Researchers have identified even more Roma communities living next to the landfill site of the Faculty, near Sofia. On the outskirts of a city in Transylvania-Turde, Roma families live in a former industrial place contaminated with mercury. Of course, it is not surprising then that 32 case studies found that Roma were susceptible to respiratory and infectious diseases, incidents and depression.
Meanwhile, Roma communities that do not live in degraded land, risk their eviction, and are without legal protection.
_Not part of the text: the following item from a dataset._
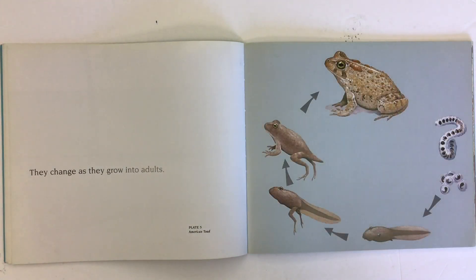They change as they grow into adults. Look at this life cycle of the American toad — from egg to tadpole, growing back legs, growing front legs, and losing its tail till it becomes a toad.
About 100 Roma living in Constanta, Romania were forced to relocate to allow the construction of a resort.
Patrizia Heidegger, co-author of the report and director of global policy and sustainability at the EEB, said the 32 Roma cases listed are just the tip of the iceberg.
The denial of basic services has persisted, despite the fact that Roma communities have lived in the same villages and towns for many years. The lack of water or sanitation is not because “they have not lived in one place for a long time. Indeed, it is a complete neglect of the area with the Roma population. “
The problem is more complicated because Roma communities themselves are often accused of polluting and degrading land, she said.
“They are perceived as an environmental problem and not as a community disproportionately affected by exposure to pollution or the failure to provide environmental services, which then degrades their environment,” Heidegger says.
Roma communities face enormous prejudice, said one of the authors of the report, stating that “prevailing attitudes such as ‘they don’t care about the clean environment, they don’t care where they live, they work in landfills and they live there..’ They are racist prejudices,” she concluded.
The European Environmental Bureau is now calling on the authorities and EU Member States to step up their efforts to protect health, while urging them to recognize the scale of the problem.
“We must admit that environmental racism exists in Europe. It’s the first step, “said Patrizia Heidegger, as reported by The Guardian.
Biljana Jovićević
This is part of project Civil society in action promoting and protecting Roma and Egyptian rights in Montenegro. The project is funded by EU and implement Help with the Roma youth organization Walk with us Phiren Amenca.